Wo fange ich an …? Oft bin ich im Zwiespalt, denn nicht immer ist das, was das Pferd braucht, auch das, was der Mensch in dem Moment annehmen kann. Am Anfang zu viel vom Menschen erwarten, auch wenn es für das Pferd das richtige wäre, führt häufig dazu, dass der Mensch abspringt. Damit ist niemandem geholfen. Wenn man etwas verändern möchte für die Pferdewelt – und das ist meine Mission seit vielen Jahrzehnten –, dann muss man den Menschen da abholen, wo er steht, damit man auf lange Sicht ein Bewusstsein schaffen kann für das Pferd. Das ist der Weg, den ich gehen möchte. Mit dem Kopf durch die Wand, verliere ich zu viele Menschen für die Verbindung „Im Sinne des Pferdes“, und damit verschließe ich diese Tür für die Pferde – diese Tür in eine andere Welt, eine Welt des gegenseitigen Annehmens und Verstehens, eine Welt jenseits der Dominanz, der Machtspiele, des Egos. Und genau dahin möchte ich meine Schüler mit ihren Pferden begleiten. Ich wäge also ab: Was tut dem Pferd gut, wo kann der Mensch mitgehen?

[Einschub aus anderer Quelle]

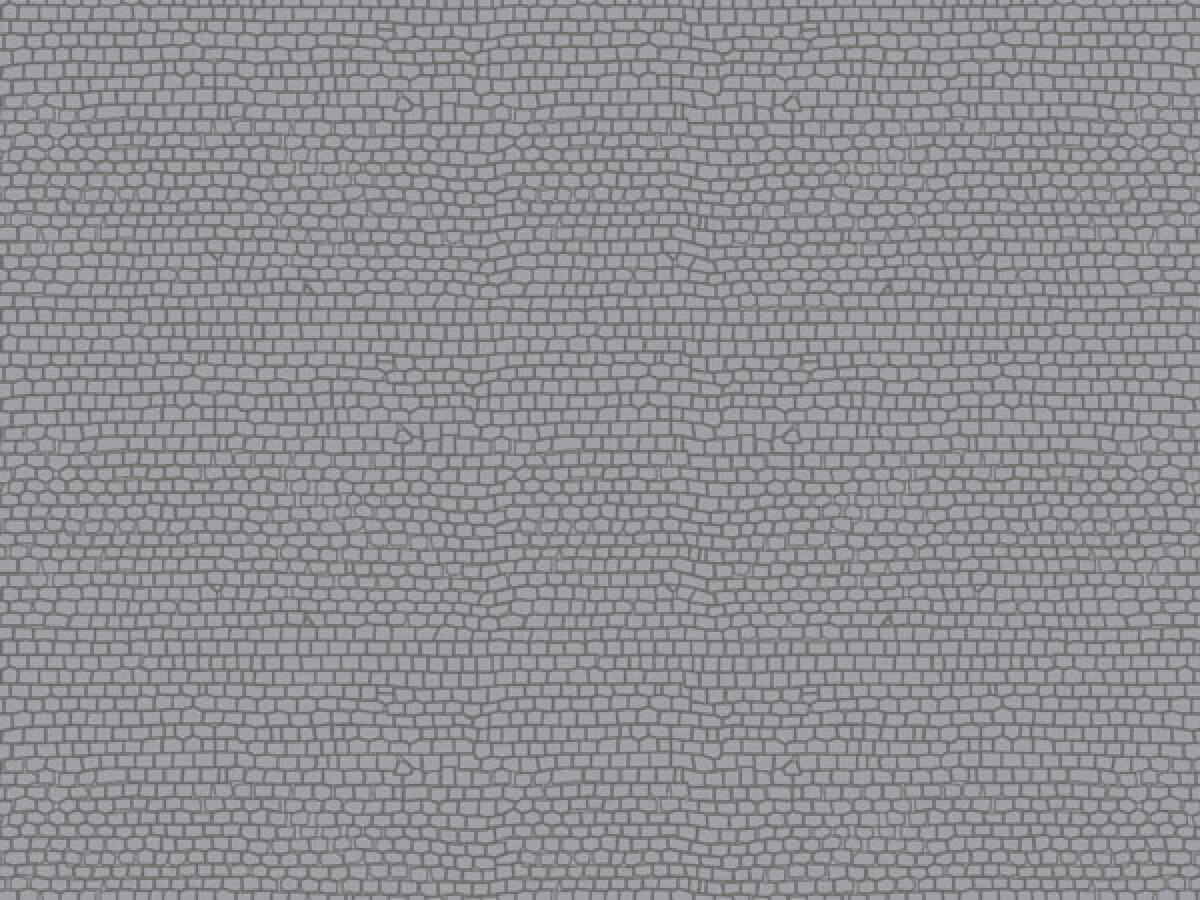 Auhagen 52436 H0 1 Dekorplatte Pflasterstein gerade lose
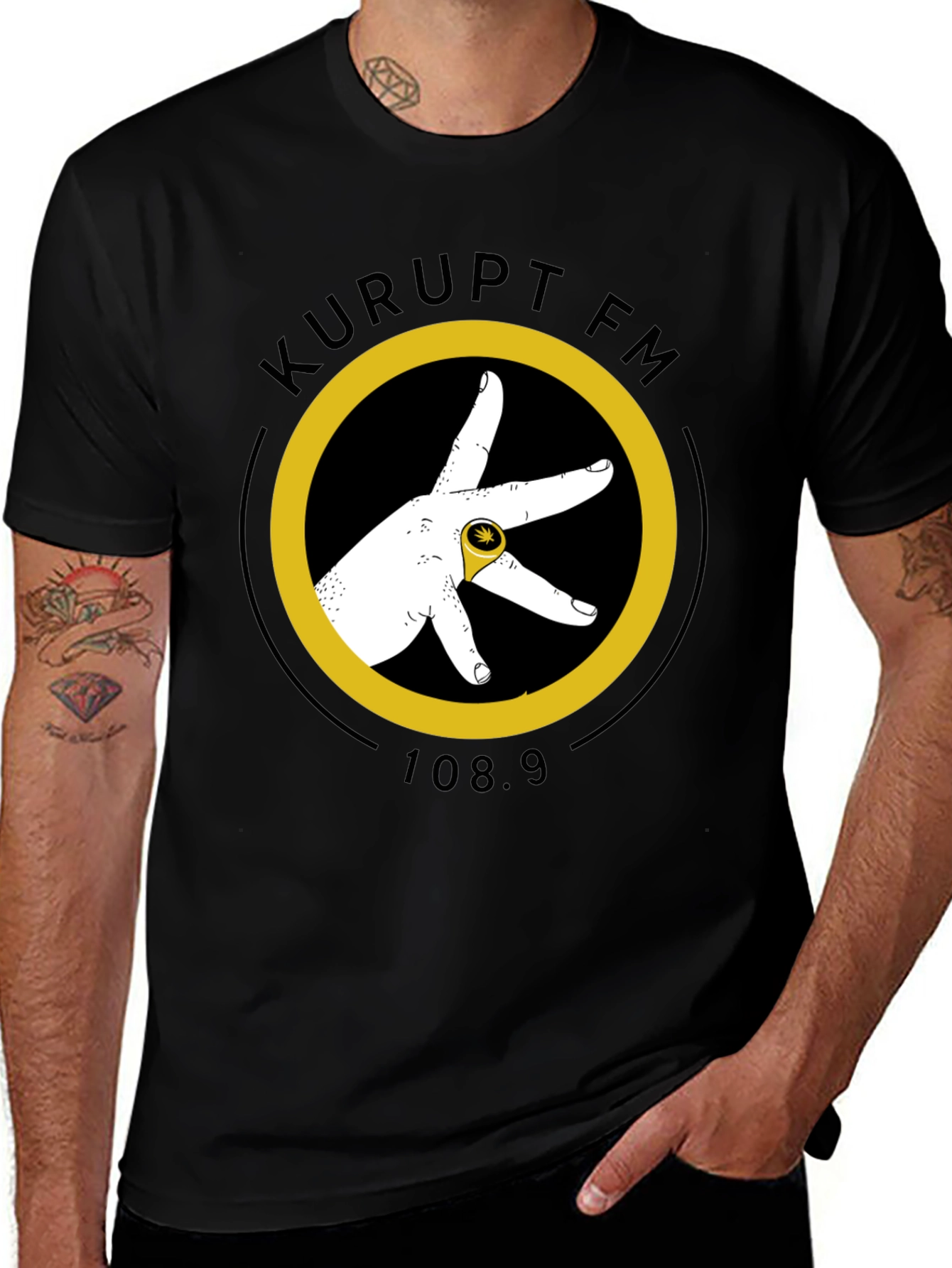 Kurupt FM Graphic Tee - Black T-Shirt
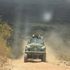 An armored personnel carrier patrols Marigat-Mochongoi road in Baringo County on February 16, 2023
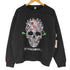 GREAT MUTA × SKULL スカルプリント スウェットプルオーバー メンズ JPN:L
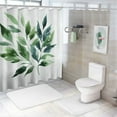 thumbnail image 6 of GOSMITH Banana Leaves Decorative Watercolor Green Leaves Banana Tree Tropical Plant Shower Curtain White, 6 of 6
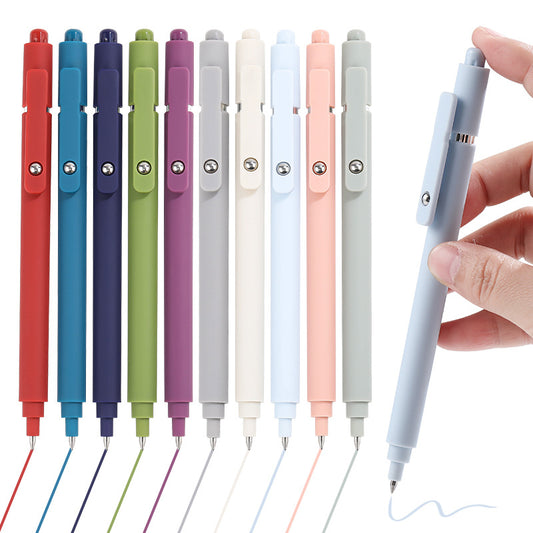 Bolígrafo de gel Push-to-go 0,5 con clip para bolígrafo con centro de gravedad bajo 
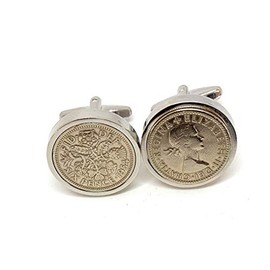 Premium 1954 Original Lucky Sixpence 71st birthday gift for men 6d birthday/Anniversary Cufflinks ideal for a 71st birthday HT SLV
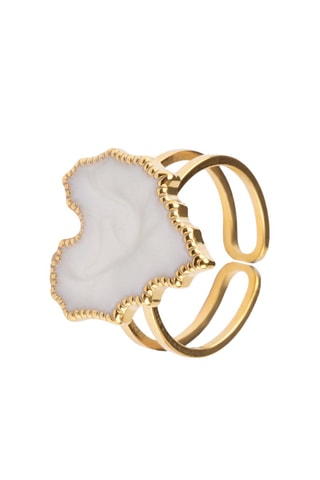 Anillo - Chapado en oro amarillo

Was hätte Appache gebraucht? Freilaufende Bodenarbeit, Vertrauensaufbau, Beziehungsarbeit, sich selbst spüren, sein Gegenüber spüren. Was konnte ich ihm geben? Trensenarbeit am Boden, dazu war die junge Frau bereit. Hier ging es jedoch nicht um Gymnastizierung, obwohl ich diese Art der Arbeit eigentlich dazu anwende. Hier ging es um Energie aufbauen, Sicherheit geben, indem man klare Signale und weiche, gut verständliche Führung gibt. Und Appache konnte beginnen zu entspannen. Dann der gewagte Schritt, ob sie sich heute draufsetzen könnte? Denn in dieser Gesellschaft reitet man Pferde. OK, ich ließ mich darauf ein. Sofort kam der Stress in Appache hoch, angespanntes „im Schritt durchgehen“. Ich lief neben ihm, gab ihm Halt. So geht es, so kann er sich an mir orientieren, er läuft etwas ruhiger, aber immer noch sehr nervös auf dem Gebiss kauend. Jetzt beschäftigen, gleichzeitig am Sitz arbeiten, es soll ein Sich-selbst-Tragen und Mitgehen werden, keine entgegengesetzte Bewegung – all das in eine Unterrichtseinheit packen, ist oft eine große Herausforderung. Wir arbeiten am dynamischen Becken, an der Tiefenmuskulatur, „ja du musst deinen Rumpf selbst tragen, nein das ist nicht immer einfach. Lass dich auf seine Bewegung ein, gehe mit, jetzt verlangsame dein Becken für ein paar Schritte, lade ihn ein, auch im Tempo runterzufahren. Er kann nicht mitgehen? Dann geh du mit ihm mit, pass dich im Rhythmus wieder ihm an. Jetzt schlage es ihm wieder vor. Es geht noch immer nicht? Das darf sein, geh’ wieder bei ihm mit. Wenn er nicht mit dir mitgehen kann, dann geh du mit ihm mit. Sei für ihn da, begleite ihn und schlag ihm immer wieder vor, sich auf dich ein zu lassen.“ Für die Reiterin war das eine Aufgabe, die sicherlich eine gefühlte Ewigkeit dauerte – nervenaufreibend und vor allem sehr unspektakulär – was soll das bringen? Bis zu dem Moment, in dem Appache zum ersten Mal annehmen konnte, was ihm seine Reiterin vorschlug; sein Schritt wurde ruhiger, er konnte abschnauben, sich darauf einlassen, von oben geführt zu werden. Die Sorge fiel (wenn auch nur kurz) von ihm ab. Er konnte dies noch nicht lange halten, aber jetzt, da er es einmal fühlen und immer wieder finden konnte, begann er sogar, danach zu suchen. 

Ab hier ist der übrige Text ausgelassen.